For lower bound, we can make a WSPD of a point that has all pair of points as singleton sets. In our example this WSPD would look like {{a}{b}} {{a}{c}} {{b}{c}}. This is always a valid WSPD for any pointset/s and we have that all pairs appear in the union of some subset-pair once.

In terms of a lower bound, consider a WSPD of the form {{a}, {b}}, {{a,b}, {c}} {{a,b}, {d}}, etc. We assume here that this is valid, i.e. all points lie further than sr from the {a,b} circle (which is clearly s * dist(a,b)). In this case a,b appear in n-1 of the unions.

c) Given $$s\geq 2$$ $$|A|=|B|=1$$. Proof is simple and given in lectures.
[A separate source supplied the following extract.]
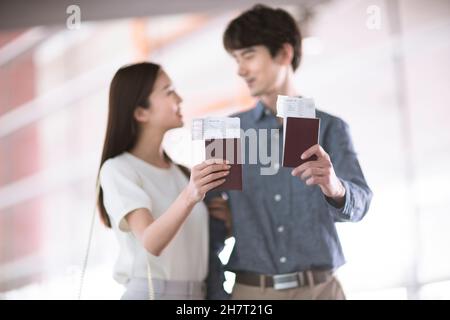 Young couple holding tickets and passports Stock Photo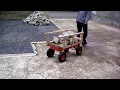 重いコンクリートを運搬するのに女性が一輪車ではキツイので片手で引っ張れるビッグカートに積んでみた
Basically, if p and q are the closest points and $$s\geq 2$$ then any point within either of their WSP-sets would have to be closer, a contradiction.

d) $$|A|=1$$ from above, $$|B| \in[1,n-1]_\mathbb{N}$$. Lower bound when p,q are the closest two points, upper bound when we have {{a}{b,c,...}}.

# H-Distance

## Algorithm and Runtime

Below we indicate how to calculate $$H(B,A)$$.

• V $$\leftarrow$$ a Voronoi diagram of A: $$O(n\log n)$$
• D $$\leftarrow$$ trapezoidal point-decomp on V. Voronoi diagrams have $$O(n)$$ edges, .:. this step has expected $$O(n\log n)$$ run-time.
• $$H_{B,A}$$ $$\leftarrow$$ 0
• $$\forall$$ b $$\in$$ B: $$O(n)$$
• a $$\leftarrow$$ The point corresponding to the Voronoi cell in which b resides, found using D:$$O(\log n)$$
• d $$\leftarrow$$ dist(a,b)
• $$H_{B,A}$$ $$\leftarrow$$ $$\max\left\{H_{B,A},d\right\}$$ : $$O(1)$$.

Our overall run-time is expected $$O(n\log n)$$. We can repeat the exact same steps exchanging A for B to calculate H(A,B) in $$O(n\log n)$$ expected. We then simply return the larger of the two.

## Correctedness

For all b, we find the cell in the Voronoi diagram in which it resides and the point a corresponding to this point. From the definition of the Voronoi diagram, the distance between these points is $$d(b,A)$$. We do so for all $$b$$ and return the maximum, i.e. $$\max_{b\in B} d(b,A) =: H(B,A))$$.

We repeat this for $$H(A,B)$$ and return the maximum, i.e. $$\max \left\{H(A,B), H(B,A) \right\} =: D(A,B) \ \square$$.